Thel’s words came back to me then, those mad words about me reading minds. The Xix had said it was real and that I could not turn away from it, but that I would need all my skills to survive. I decided to trust Thel’s final words, to believe in them with all that I had. If they were true, then I would find out now and probe my captors.

I closed my eyes as the Dram creature observed me silently. Being blind, it didn’t do that much, but it was long habit from sighted years when trying to focus. Slowly, using all my concentration and the meditative techniques Thel had taught me, I scanned with my unique organ, my sixth sense. Past and future spilled back and forth over me, but I ignored them, seeking for something different, something tied to the creature in front of me.

And then it happened, like seeing an optical illusion play out its different visuals in front of you. A subtle, so subtle and effervescent shimmering of a glow beside me came slowly into focus, and I knew, I could
feel
that it came from the presence of the two Dram in the cell with me. One was simpler, far more angular and hard.
The soldier
. The other was still harsh, as all Dram would turn out to be, but more complex, layered. There was a deeper intelligence and complexity in this one that was not in the other. Its thoughts disturbed the space-time matrix in several dimensions at once.

But also so much fear.
That
I could recognize even in this alien creature. A deep fear that was totally absent from the mind of the guard. This intrigued me and gave me a sense of my own power in this place. This Dram officer sought something from me that was terribly important.

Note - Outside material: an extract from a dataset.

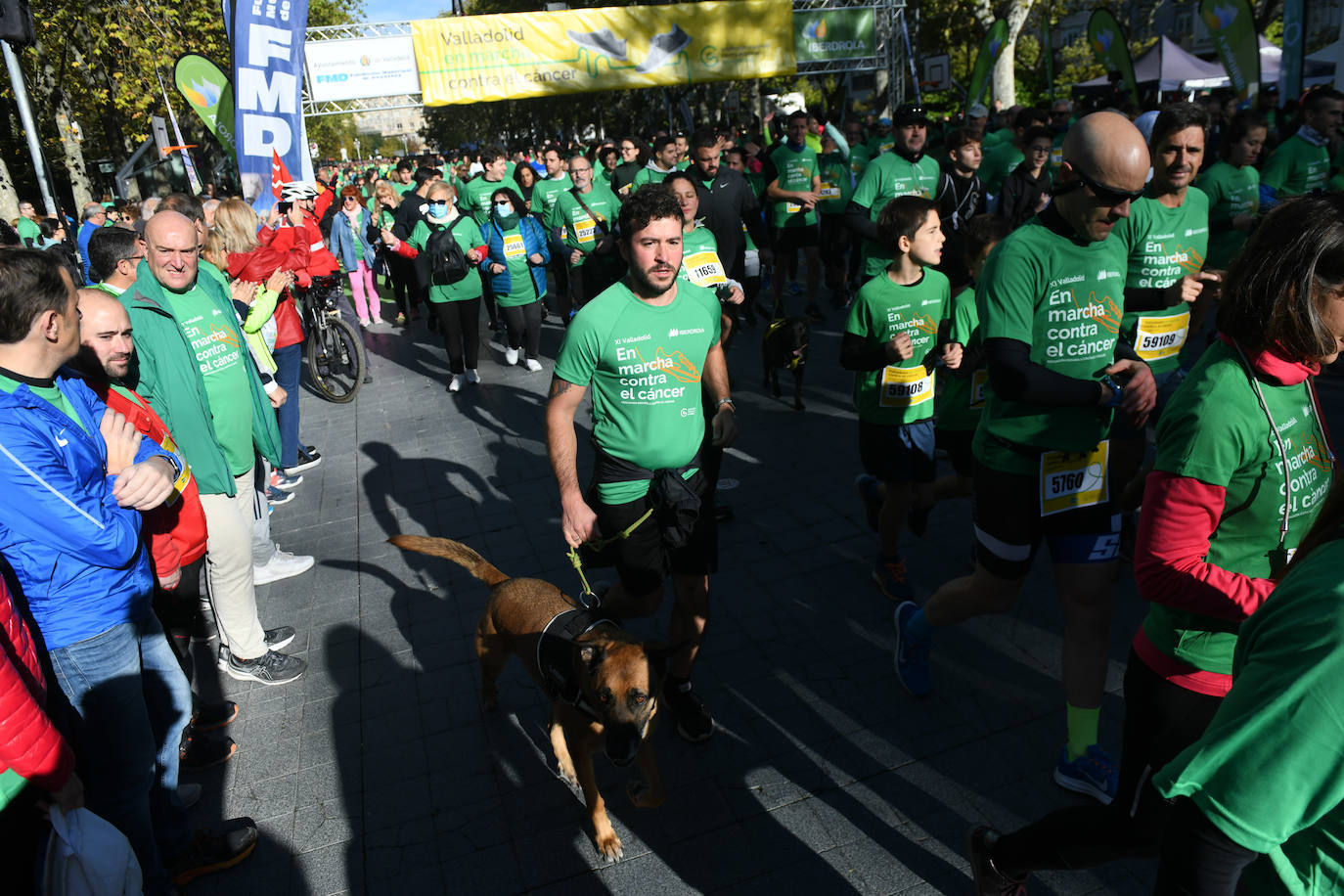 Fotos: Búscate en las fotos de la XI Marcha Contra en Cáncer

My eyes opened. “Why do you fear me?” I probed, deciding to offer a wild opening gambit.

The insect once again recoiled, taking several steps back, then stopped. “They are an intelligent,” it finally responded. It decided to resort to a lie. “The Dram fear nothing! But we are we try to we include, what you to be have made.”

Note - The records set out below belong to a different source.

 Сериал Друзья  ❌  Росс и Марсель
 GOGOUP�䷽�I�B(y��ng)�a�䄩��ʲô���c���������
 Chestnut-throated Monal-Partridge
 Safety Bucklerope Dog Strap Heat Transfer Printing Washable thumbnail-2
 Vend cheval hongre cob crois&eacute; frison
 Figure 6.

“You mean opening the Orb?”

“Yes! How human creatures, a nothing member of Hegemony, is in position so that does make such a thing? Which secrecy did you learn of Holy Orbs?”

Holy Orbs?
This was getting weird. Since when did aliens get religion?

“Are you a priest?”

I felt a surge of anger from the consciousness of the creature.

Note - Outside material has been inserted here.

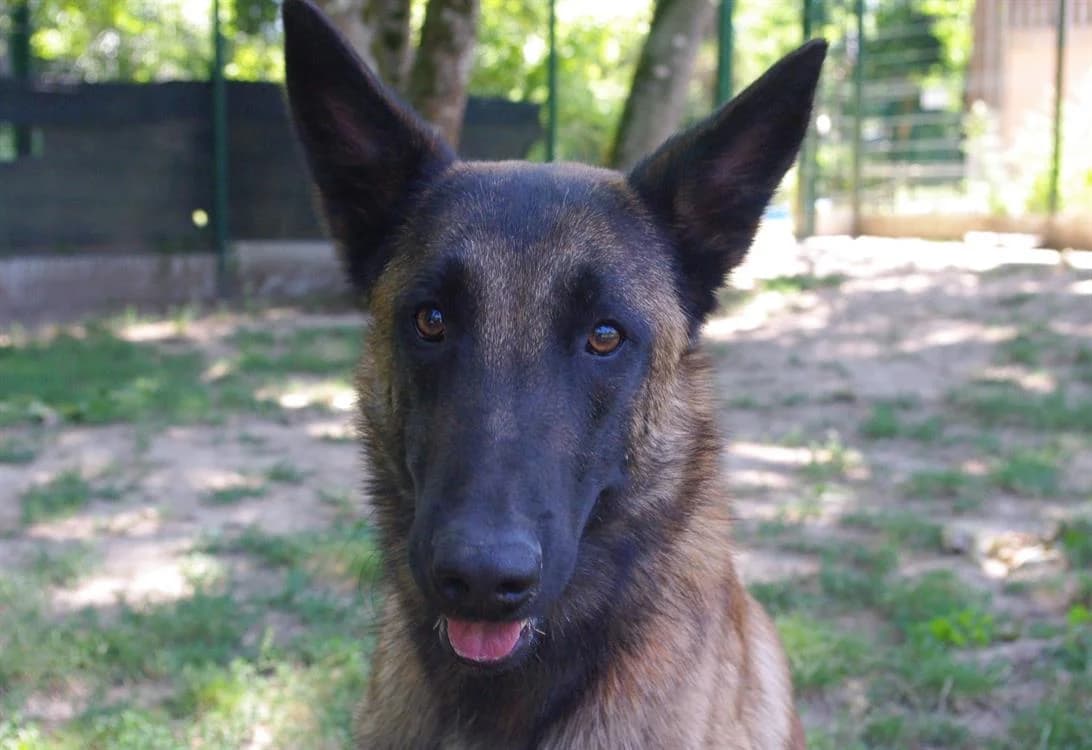 LOKI PAA28306, male Belgian Malinois for adoption at SPA Plaisir, Plaisir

“No! Never! I do not grasp the idiots of those superstitions! I besides the fact that power in the Orbs, it seems I and like me, understand those respect in order to control, seeking those.”

Control? Power? A technologist! A scientist, perhaps.
This made sense, and many of my readings of its mind now fell into place giving me a much clearer image of the personality and motivations of the creature I was dealing with. Motivations to be exploited, perhaps.

“I can control them. You wish me to give you my secret?”

The insect’s feet padded up quickly, bringing its hideous face close to mind.

“When Dram wish, they take,” it said ominously. I had to be careful.

“If you make a mistake, and you harm me, you may damage my mind, and you will never learn the secret. Do you dare take that risk now, alone? What will your punishment be if you fail?”

The wash of anxiety from the creature was like a prismatic spray. Again it retreated several steps. “They are a human intelligent, yes. Special. But in Dram is skillful large number very with persuasion. The Emperor thinks, is grasped that we consume this you-power; It orders. Then this word of you has not importance. Until time, enjoy the existence.”

The officer clicked toward the guard who escorted the creature through the door and re-engaged the force field, leaving me alone, and for the moment, free from their probes.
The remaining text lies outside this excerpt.